A little background first.  Last year our family put up 8 deer.  We have a large family and also have foster children.  We were down to almost no deer left in the freezer and had picked up two more children a week ago.   My wife has been sending me hunting every chance because we know we are going to need even more deer than last year to carry our larger family through the year.  I got in the stand this evening and killed a nice size buck, but only a 3 pointer.  After he fell I picked up my phone to text my wife and I see I have a text from her reading "have been praying for you to kill a deer since you left."  I texted back " prayer works.  I just killed a buck".   I know this may sound trivial and some may pass this off as just coincidence.  I don't.  I believe God heard her prayer and answered it.  We humbly give him thanks for looking after us and always providing.  Ain't it wonderful to be loved by such an awesome God!!!


----------



## panfried0419 (Oct 27, 2013)

Awesome!


----------



## Paymaster (Oct 28, 2013)

Good Deal!!!!!!!!!!!!!!!!!

God can take care of the little things too.


----------



## georgia357 (Oct 28, 2013)

Awesome!


----------



## carver (Oct 28, 2013)

My prayers are with you also.


----------



## SemperFiDawg (Oct 28, 2013)

Paymaster said:


> Good Deal!!!!!!!!!!!!!!!!!
> 
> God can take care of the little things too.

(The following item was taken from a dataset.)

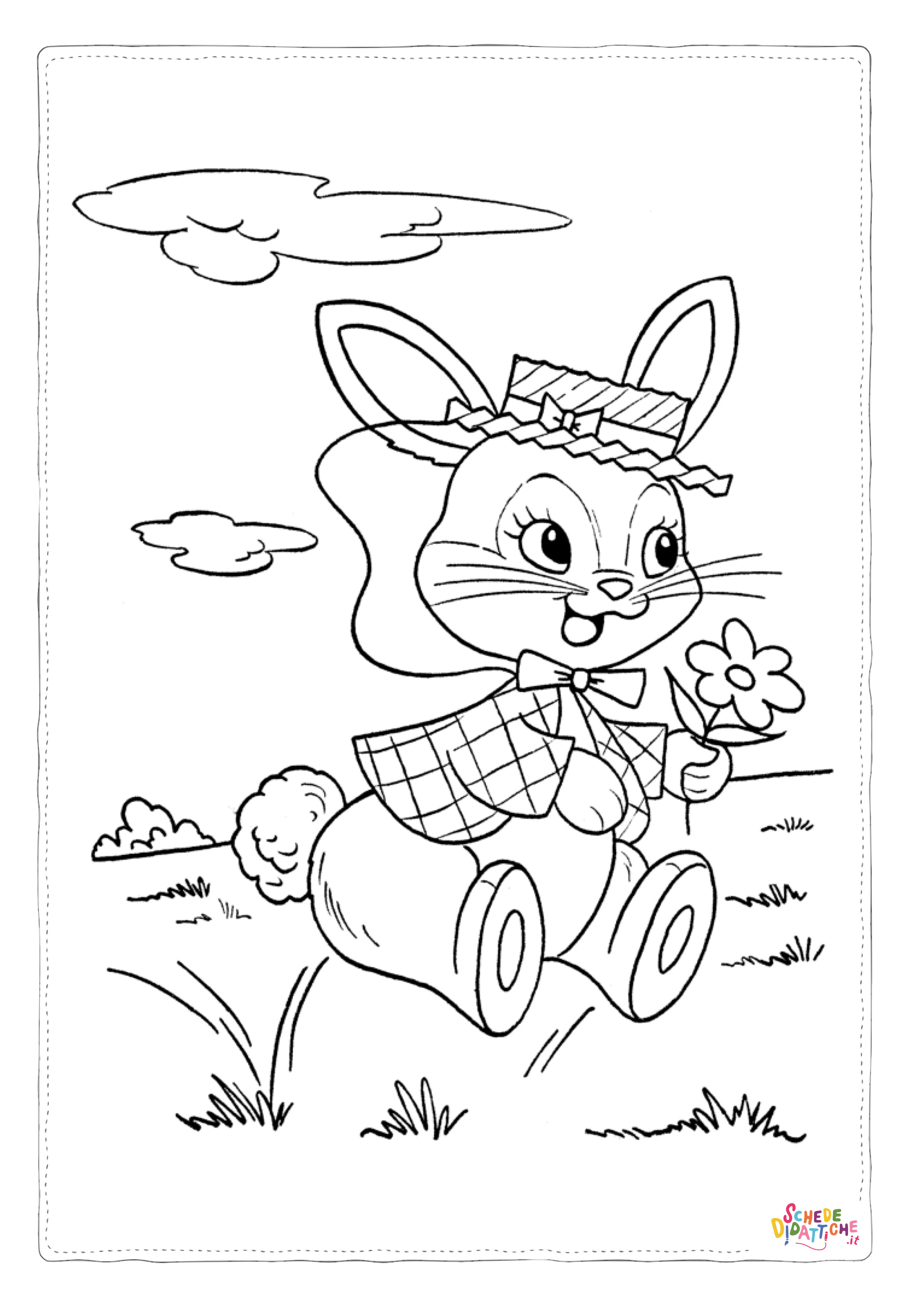 Disegno "Disegno di coniglietto di Pasqua da stampare e colorare 7" Disegno di coniglietto di Pasqua da stampare e colorare 7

That is the purtiest avatar I have ever seen.  What is it and what is the recipe?


----------



## carver (Oct 29, 2013)

Check out Paymasters post on the "Paymasters Outdoor Café" forum


----------



## SemperFiDawg (Oct 29, 2013)

Will do.  Thanks


----------



## Paymaster (Oct 30, 2013)

SemperFiDawg said:


> That is the purtiest avatar I have ever seen.  What is it and what is the recipe?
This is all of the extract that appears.